WHAT THE EXERCISE ASKS: Return, from the material below, each line in which the word "para" is present.

WORKING DATA:
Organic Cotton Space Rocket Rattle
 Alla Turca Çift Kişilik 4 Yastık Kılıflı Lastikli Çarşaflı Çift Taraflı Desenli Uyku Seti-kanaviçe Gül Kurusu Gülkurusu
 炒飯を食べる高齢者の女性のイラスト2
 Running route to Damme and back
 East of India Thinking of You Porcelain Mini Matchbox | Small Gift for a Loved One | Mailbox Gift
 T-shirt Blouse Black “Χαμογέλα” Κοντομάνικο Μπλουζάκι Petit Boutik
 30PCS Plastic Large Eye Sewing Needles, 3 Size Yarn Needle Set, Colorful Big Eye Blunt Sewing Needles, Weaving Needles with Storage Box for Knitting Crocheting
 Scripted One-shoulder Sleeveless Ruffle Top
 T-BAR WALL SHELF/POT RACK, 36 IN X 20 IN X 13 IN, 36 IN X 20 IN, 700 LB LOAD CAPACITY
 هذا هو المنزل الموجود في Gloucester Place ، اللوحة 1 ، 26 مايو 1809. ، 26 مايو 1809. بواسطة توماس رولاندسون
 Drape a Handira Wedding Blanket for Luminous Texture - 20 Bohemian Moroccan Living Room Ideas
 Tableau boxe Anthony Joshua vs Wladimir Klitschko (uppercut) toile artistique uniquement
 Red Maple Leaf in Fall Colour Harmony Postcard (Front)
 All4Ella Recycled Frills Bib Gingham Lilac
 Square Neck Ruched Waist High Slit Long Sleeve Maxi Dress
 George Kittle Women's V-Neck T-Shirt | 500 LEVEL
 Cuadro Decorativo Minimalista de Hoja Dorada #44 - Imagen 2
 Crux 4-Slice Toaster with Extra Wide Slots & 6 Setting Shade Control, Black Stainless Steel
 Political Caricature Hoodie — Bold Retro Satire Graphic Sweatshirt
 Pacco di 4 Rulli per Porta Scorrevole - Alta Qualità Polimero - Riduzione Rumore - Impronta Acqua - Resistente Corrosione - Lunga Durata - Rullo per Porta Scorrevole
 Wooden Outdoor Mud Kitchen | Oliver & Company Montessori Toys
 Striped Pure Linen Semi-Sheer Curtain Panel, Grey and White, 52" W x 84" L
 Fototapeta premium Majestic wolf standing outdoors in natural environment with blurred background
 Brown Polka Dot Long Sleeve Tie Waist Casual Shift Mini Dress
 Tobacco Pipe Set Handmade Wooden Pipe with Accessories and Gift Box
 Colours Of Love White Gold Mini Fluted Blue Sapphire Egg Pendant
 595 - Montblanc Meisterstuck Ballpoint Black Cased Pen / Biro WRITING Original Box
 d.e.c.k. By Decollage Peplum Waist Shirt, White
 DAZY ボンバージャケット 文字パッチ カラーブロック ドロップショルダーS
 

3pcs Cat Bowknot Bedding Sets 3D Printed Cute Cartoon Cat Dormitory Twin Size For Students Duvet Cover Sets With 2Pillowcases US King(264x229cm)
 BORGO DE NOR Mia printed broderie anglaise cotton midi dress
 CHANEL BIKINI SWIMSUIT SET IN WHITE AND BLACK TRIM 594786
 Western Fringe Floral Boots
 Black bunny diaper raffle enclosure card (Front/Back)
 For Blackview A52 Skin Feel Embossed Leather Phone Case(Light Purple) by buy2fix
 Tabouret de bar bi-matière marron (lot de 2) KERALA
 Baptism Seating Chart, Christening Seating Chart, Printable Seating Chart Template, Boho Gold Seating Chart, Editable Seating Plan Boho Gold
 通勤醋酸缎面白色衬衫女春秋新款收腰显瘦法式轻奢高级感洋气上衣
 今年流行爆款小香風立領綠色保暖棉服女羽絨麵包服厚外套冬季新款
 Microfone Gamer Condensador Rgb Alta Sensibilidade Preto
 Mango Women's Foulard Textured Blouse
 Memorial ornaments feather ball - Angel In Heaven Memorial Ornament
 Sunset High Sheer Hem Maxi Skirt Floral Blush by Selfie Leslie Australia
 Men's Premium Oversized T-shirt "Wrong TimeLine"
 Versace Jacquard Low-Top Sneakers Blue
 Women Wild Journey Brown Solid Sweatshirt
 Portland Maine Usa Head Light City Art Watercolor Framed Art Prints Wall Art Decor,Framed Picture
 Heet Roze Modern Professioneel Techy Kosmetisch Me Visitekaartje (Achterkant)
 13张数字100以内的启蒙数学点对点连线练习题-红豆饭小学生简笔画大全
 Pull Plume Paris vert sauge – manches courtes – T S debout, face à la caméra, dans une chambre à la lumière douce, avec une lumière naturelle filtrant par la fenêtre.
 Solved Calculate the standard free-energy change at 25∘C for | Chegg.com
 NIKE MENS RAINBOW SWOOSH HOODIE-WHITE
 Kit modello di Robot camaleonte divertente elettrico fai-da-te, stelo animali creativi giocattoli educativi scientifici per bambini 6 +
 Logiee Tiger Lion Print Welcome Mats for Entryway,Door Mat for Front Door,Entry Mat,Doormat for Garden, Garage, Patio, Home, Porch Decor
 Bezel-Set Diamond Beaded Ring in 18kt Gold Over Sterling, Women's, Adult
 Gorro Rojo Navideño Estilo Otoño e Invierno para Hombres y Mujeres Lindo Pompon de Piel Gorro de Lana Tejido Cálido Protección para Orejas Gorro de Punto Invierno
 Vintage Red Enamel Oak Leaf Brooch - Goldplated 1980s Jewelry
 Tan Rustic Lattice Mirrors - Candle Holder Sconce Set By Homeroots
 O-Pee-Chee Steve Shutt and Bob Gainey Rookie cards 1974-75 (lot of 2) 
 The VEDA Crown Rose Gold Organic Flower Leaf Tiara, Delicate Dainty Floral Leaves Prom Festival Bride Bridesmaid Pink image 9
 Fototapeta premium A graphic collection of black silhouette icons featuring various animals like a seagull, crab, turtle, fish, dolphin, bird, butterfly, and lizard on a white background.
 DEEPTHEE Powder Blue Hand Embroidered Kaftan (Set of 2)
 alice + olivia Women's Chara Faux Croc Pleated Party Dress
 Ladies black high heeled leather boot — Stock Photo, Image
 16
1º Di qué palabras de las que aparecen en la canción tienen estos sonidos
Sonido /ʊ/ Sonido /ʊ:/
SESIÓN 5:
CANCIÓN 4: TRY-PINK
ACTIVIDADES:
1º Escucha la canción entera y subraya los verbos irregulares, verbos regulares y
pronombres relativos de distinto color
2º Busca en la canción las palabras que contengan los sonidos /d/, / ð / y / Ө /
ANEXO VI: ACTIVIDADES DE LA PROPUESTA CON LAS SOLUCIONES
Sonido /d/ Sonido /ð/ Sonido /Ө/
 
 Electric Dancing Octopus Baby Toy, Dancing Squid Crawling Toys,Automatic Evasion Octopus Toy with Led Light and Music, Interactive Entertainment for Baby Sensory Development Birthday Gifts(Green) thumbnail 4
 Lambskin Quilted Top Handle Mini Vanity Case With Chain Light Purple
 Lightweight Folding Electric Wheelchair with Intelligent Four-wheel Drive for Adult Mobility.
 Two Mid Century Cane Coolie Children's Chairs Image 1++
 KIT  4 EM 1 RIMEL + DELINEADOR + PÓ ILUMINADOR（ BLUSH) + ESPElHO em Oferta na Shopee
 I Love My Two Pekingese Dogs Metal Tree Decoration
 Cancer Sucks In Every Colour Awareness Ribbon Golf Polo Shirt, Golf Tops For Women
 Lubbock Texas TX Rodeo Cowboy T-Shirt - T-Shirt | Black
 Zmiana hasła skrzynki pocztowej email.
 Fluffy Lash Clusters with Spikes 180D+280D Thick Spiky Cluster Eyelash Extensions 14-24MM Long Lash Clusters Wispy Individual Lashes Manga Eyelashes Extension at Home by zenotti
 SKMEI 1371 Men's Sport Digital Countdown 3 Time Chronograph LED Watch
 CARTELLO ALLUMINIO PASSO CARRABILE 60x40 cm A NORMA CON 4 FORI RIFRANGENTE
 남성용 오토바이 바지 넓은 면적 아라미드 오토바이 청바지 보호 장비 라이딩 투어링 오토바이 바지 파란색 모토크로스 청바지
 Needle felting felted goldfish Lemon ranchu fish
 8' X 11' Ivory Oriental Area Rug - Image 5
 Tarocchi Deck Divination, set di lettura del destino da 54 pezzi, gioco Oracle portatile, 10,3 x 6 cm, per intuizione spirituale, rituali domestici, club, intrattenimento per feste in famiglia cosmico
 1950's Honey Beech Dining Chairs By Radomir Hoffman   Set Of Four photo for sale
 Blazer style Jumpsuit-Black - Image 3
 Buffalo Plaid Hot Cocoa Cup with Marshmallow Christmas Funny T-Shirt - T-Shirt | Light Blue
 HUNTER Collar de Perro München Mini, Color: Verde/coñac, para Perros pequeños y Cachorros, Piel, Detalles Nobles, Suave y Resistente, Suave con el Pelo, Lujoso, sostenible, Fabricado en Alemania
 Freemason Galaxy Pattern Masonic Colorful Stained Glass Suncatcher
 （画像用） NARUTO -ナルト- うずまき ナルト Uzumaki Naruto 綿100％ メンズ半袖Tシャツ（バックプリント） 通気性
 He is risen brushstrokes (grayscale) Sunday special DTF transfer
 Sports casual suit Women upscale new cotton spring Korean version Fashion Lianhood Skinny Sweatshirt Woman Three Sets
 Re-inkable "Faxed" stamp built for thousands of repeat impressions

EXERCISE OUTPUT:
 Gorro Rojo Navideño Estilo Otoño e Invierno para Hombres y Mujeres Lindo Pompon de Piel Gorro de Lana Tejido Cálido Protección para Orejas Gorro de Punto Invierno
 HUNTER Collar de Perro München Mini, Color: Verde/coñac, para Perros pequeños y Cachorros, Piel, Detalles Nobles, Suave y Resistente, Suave con el Pelo, Lujoso, sostenible, Fabricado en Alemania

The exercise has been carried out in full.